Chelsea Clinton visits Flint; mayor touts water program
Flint — Chelsea Clinton said Friday it is “ludicrous” that Flint residents may have to wait behind recently flood-ravaged Louisiana for federal emergency aid to fix the city’s drinking water supply after lead was discovered a year ago.
“Are we really in the business in this country in determining which of our children deserve emergency relief where there is an emergency?” the daughter of Hillary Clinton said during a visit to Flint for her mother’s Democratic presidential campaign.
Chelsea Clinton, U.S. Rep. Dan Kildee, D-Flint Township, and Flint Mayor Karen Weaver used a mid-day news conference at a Flint church to draw attention to the lack of federal aid for the city in a short-term federal budget bill authored by Senate Republicans.
U.S. Sen. Bill Cassidy, a Louisiana Republican, said earlier this week that federal aid for Flint should wait until the December “lame duck” session and he has worked to separate it from aid for his state’s August flood damage.
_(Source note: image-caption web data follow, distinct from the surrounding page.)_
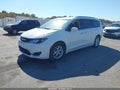 2018 Chrysler Pacifica — photo 2 of 16 | VIN 2C4RC1BG3JR100566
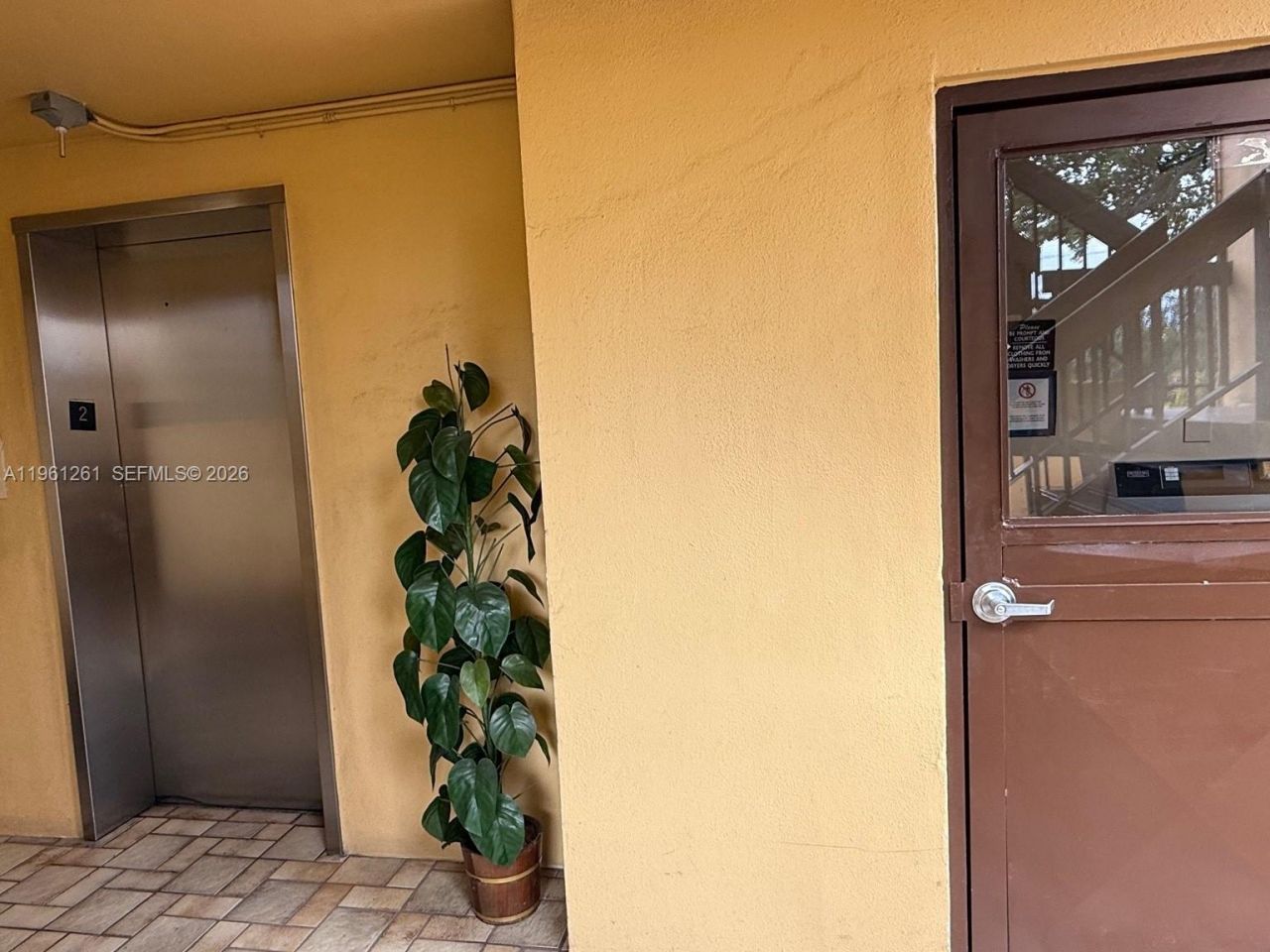 3490 Foxcroft Rd, Unit B208, Miramar, FL 33025 Photo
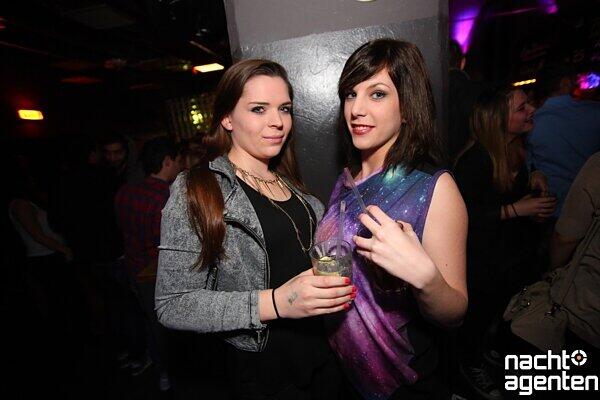 Das Wochenende beginnt am "Mixwoch": Der Slogan des Crux ging wieder einmal auf. Der "Mixwoch" war die heißeste Party am Mittwoch. Noch mehr Fotos auf:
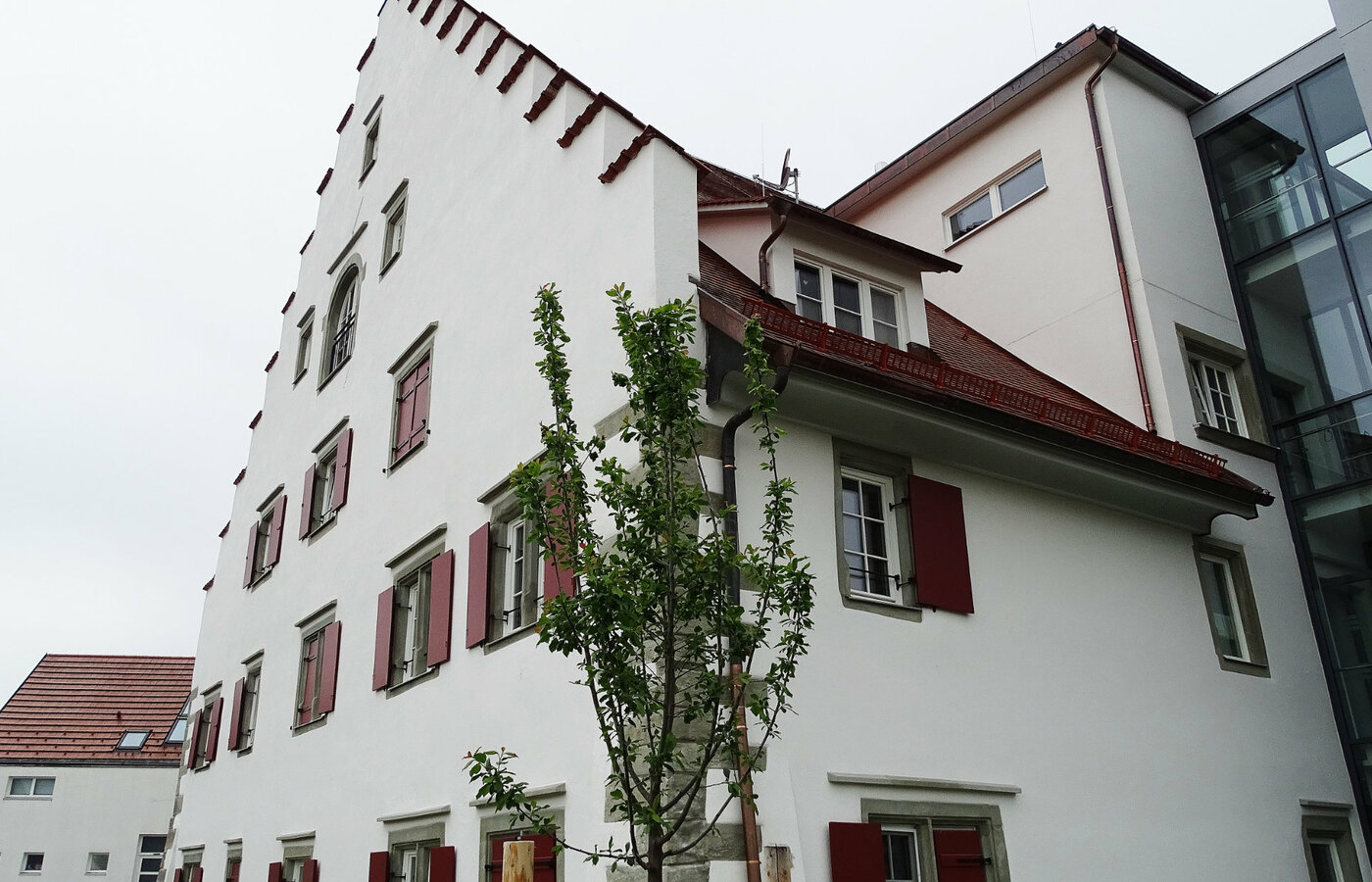 Die Fassade des Rainhaus mit Fenstern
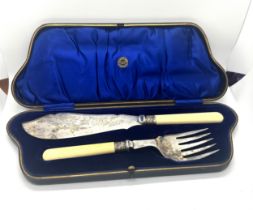 Silver rimmed cased fish serving set, Gilbert and sons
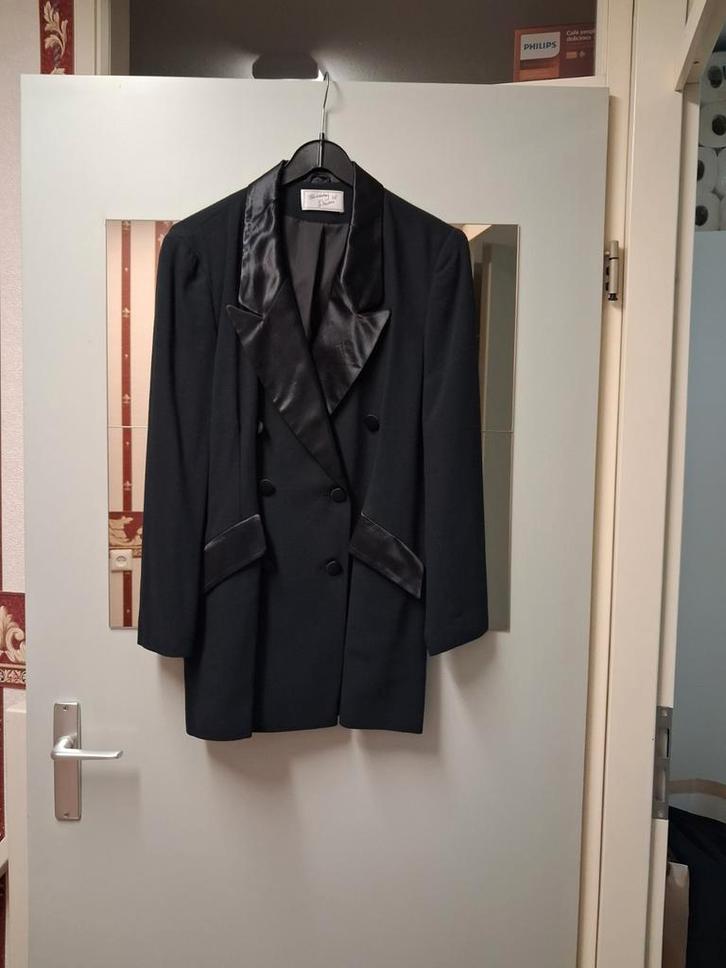 Zwart pak/kostuum, nette staat maat 40. 42, Kleding | Dames, Jasjes, Kostuums en Pakken, Zo goed als nieuw, Kostuum of Pak, Maat 38/40 (M)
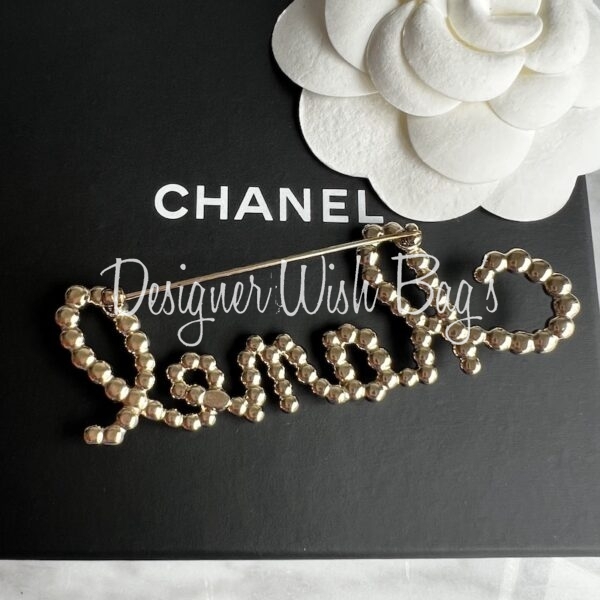 Chanel 19K Script hair clip with pearls and crystals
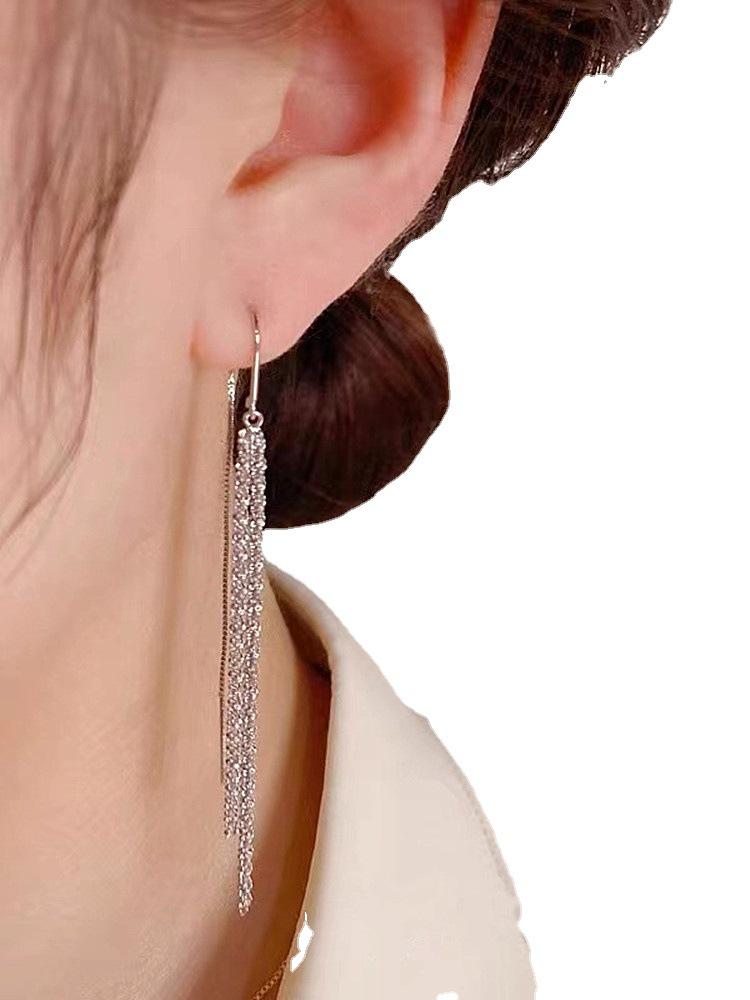 Baby's Breath Tassel Earrings: Light Luxury, Slimming Design, 2025 Trendy Anti-Loss Jewelry for Women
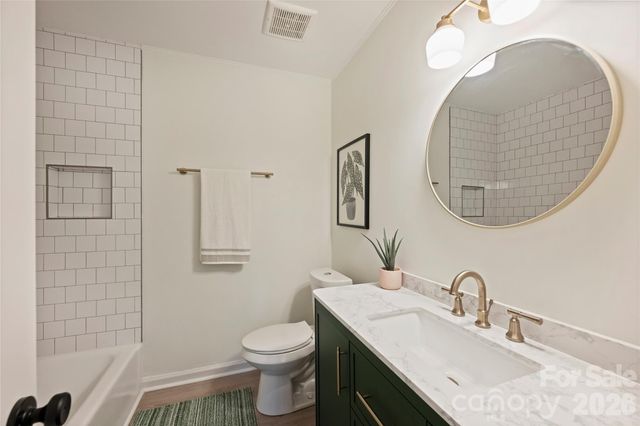 7420 Castlebar Road, Charlotte, NC 28270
“The notion that two years of crisis somehow diminishes its urgency is ridiculous,” said Kildee, D-Flint Township. “Two years. For God’s sake. It’s a moral outrage. We’ve been waiting.”
Senate Majority Leader Mitch McConnell, R-Kentucky, defended the short-term funding agreement as a “clean extension” that doesn’t add a lot of other spending requests and that is intended to prevent an election-year government shutdown.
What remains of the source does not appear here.